_Problem requirements_
Copy the entries exactly. Leave out any pictures.

_Supplied records_
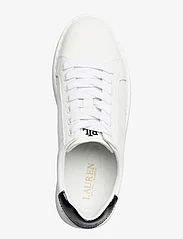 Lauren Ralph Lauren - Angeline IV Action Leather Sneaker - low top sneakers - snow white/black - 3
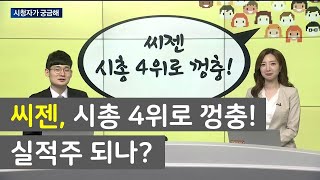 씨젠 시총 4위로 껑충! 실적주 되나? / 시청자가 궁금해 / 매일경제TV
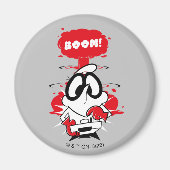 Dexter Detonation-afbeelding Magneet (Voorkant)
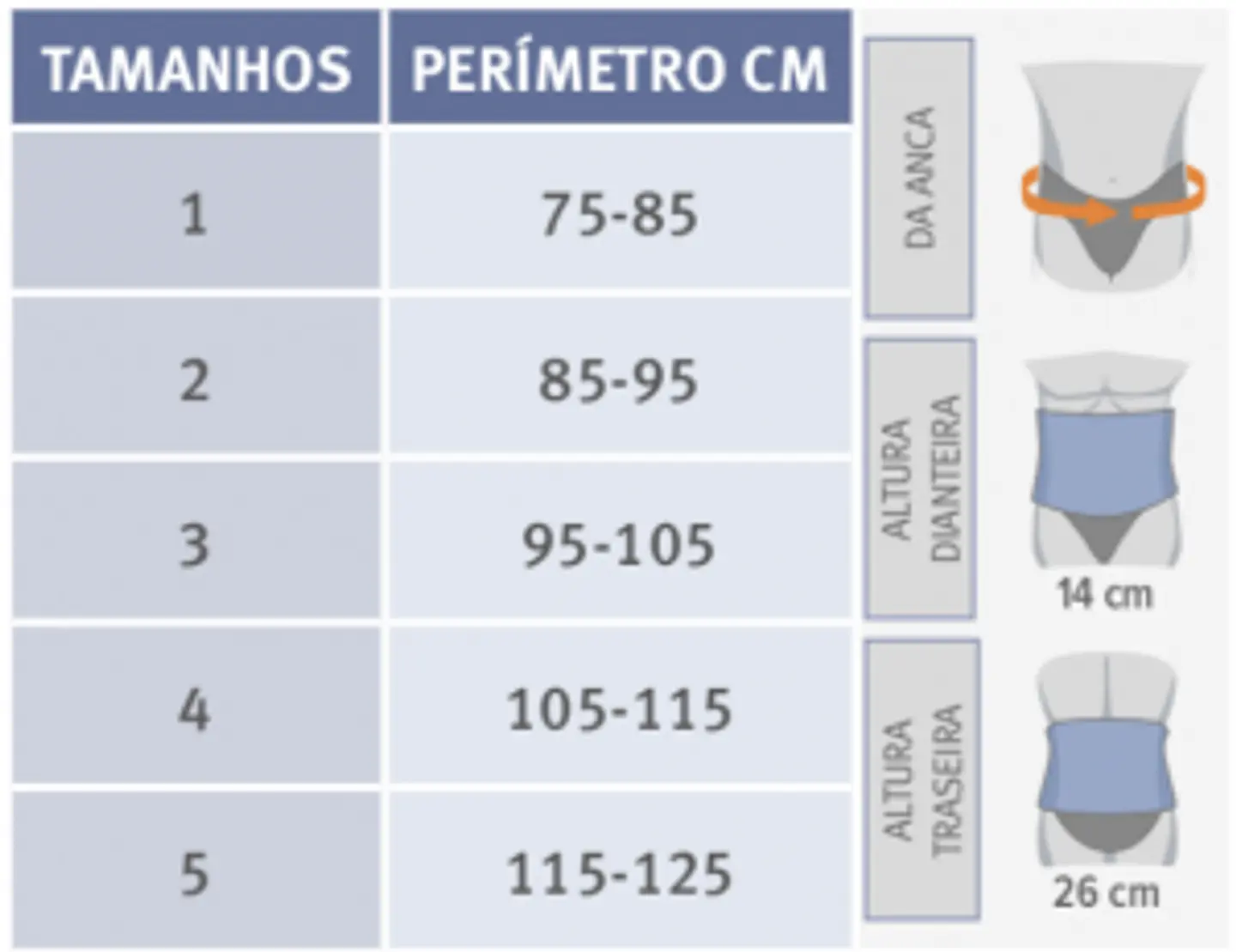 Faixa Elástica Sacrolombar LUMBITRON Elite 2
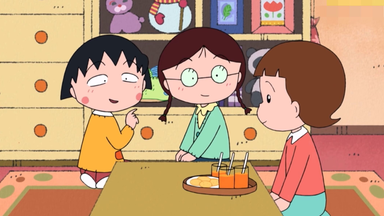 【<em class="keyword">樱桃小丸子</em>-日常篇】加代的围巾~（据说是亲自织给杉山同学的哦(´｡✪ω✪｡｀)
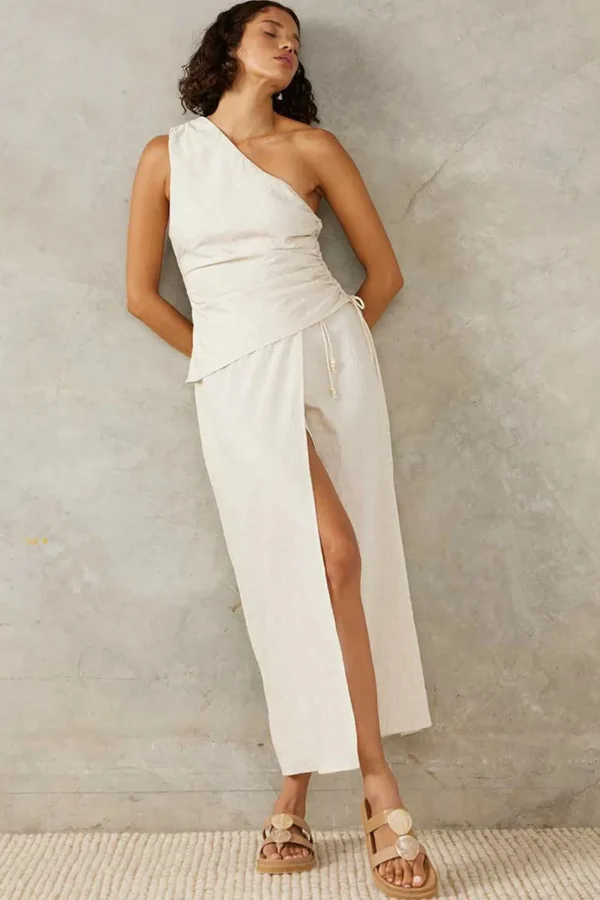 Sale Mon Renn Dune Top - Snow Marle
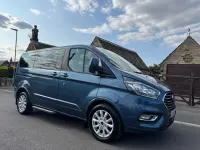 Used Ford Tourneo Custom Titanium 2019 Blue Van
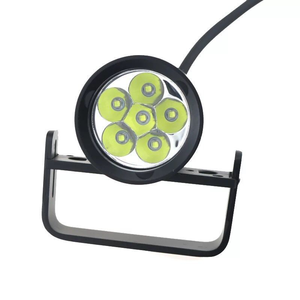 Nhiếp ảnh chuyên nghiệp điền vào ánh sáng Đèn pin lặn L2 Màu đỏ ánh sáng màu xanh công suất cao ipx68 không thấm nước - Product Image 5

_Output of the exercise_
 Lauren Ralph Lauren - Angeline IV Action Leather Sneaker - low top sneakers - snow white/black - 3
 씨젠 시총 4위로 껑충! 실적주 되나? / 시청자가 궁금해 / 매일경제TV
 Dexter Detonation-afbeelding Magneet (Voorkant)
 Faixa Elástica Sacrolombar LUMBITRON Elite 2
 【<em class="keyword">樱桃小丸子</em>-日常篇】加代的围巾~（据说是亲自织给杉山同学的哦(´｡✪ω✪｡｀)
 Sale Mon Renn Dune Top - Snow Marle
 Used Ford Tourneo Custom Titanium 2019 Blue Van
 Nhiếp ảnh chuyên nghiệp điền vào ánh sáng Đèn pin lặn L2 Màu đỏ ánh sáng màu xanh công suất cao ipx68 không thấm nước - Product Image 5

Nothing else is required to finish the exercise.